About this task:
Your output should be the listing itself, repeated exactly.

Source data:
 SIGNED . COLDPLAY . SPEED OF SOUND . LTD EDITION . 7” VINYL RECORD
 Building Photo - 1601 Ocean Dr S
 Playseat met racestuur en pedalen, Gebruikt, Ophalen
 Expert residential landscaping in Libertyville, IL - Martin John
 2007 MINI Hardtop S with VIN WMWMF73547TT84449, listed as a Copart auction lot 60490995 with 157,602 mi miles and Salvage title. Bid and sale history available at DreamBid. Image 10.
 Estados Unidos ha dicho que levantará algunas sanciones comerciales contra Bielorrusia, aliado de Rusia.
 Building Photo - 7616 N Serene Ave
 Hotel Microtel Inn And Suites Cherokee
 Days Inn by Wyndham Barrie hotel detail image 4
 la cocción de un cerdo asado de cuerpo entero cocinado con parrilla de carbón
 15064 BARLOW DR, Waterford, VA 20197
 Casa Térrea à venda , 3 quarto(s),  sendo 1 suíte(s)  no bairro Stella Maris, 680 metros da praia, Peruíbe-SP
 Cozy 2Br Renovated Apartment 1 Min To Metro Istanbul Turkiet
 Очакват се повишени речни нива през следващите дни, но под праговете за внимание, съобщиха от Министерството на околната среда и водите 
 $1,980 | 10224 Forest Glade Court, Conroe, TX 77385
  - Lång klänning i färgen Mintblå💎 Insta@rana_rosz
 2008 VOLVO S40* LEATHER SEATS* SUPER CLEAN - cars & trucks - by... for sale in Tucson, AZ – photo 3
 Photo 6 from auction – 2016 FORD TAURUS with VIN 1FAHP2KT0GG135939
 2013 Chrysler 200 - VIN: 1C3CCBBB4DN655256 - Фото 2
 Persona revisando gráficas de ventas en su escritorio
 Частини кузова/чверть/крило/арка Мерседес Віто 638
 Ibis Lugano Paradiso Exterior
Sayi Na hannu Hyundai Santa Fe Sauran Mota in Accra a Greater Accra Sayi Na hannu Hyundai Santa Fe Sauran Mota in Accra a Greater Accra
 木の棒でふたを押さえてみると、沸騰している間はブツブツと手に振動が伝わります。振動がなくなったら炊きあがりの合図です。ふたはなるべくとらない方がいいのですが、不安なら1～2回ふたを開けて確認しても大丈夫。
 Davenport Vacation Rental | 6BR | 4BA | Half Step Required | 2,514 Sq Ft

Output for this task:
 SIGNED . COLDPLAY . SPEED OF SOUND . LTD EDITION . 7” VINYL RECORD
 Building Photo - 1601 Ocean Dr S
 Playseat met racestuur en pedalen, Gebruikt, Ophalen
 Expert residential landscaping in Libertyville, IL - Martin John
 2007 MINI Hardtop S with VIN WMWMF73547TT84449, listed as a Copart auction lot 60490995 with 157,602 mi miles and Salvage title. Bid and sale history available at DreamBid. Image 10.
 Estados Unidos ha dicho que levantará algunas sanciones comerciales contra Bielorrusia, aliado de Rusia.
 Building Photo - 7616 N Serene Ave
 Hotel Microtel Inn And Suites Cherokee
 Days Inn by Wyndham Barrie hotel detail image 4
 la cocción de un cerdo asado de cuerpo entero cocinado con parrilla de carbón
 15064 BARLOW DR, Waterford, VA 20197
 Casa Térrea à venda , 3 quarto(s),  sendo 1 suíte(s)  no bairro Stella Maris, 680 metros da praia, Peruíbe-SP
 Cozy 2Br Renovated Apartment 1 Min To Metro Istanbul Turkiet
 Очакват се повишени речни нива през следващите дни, но под праговете за внимание, съобщиха от Министерството на околната среда и водите 
 $1,980 | 10224 Forest Glade Court, Conroe, TX 77385
  - Lång klänning i färgen Mintblå💎 Insta@rana_rosz
 2008 VOLVO S40* LEATHER SEATS* SUPER CLEAN - cars & trucks - by... for sale in Tucson, AZ – photo 3
 Photo 6 from auction – 2016 FORD TAURUS with VIN 1FAHP2KT0GG135939
 2013 Chrysler 200 - VIN: 1C3CCBBB4DN655256 - Фото 2
 Persona revisando gráficas de ventas en su escritorio
 Частини кузова/чверть/крило/арка Мерседес Віто 638
 Ibis Lugano Paradiso Exterior
Sayi Na hannu Hyundai Santa Fe Sauran Mota in Accra a Greater Accra Sayi Na hannu Hyundai Santa Fe Sauran Mota in Accra a Greater Accra
 木の棒でふたを押さえてみると、沸騰している間はブツブツと手に振動が伝わります。振動がなくなったら炊きあがりの合図です。ふたはなるべくとらない方がいいのですが、不安なら1～2回ふたを開けて確認しても大丈夫。
 Davenport Vacation Rental | 6BR | 4BA | Half Step Required | 2,514 Sq Ft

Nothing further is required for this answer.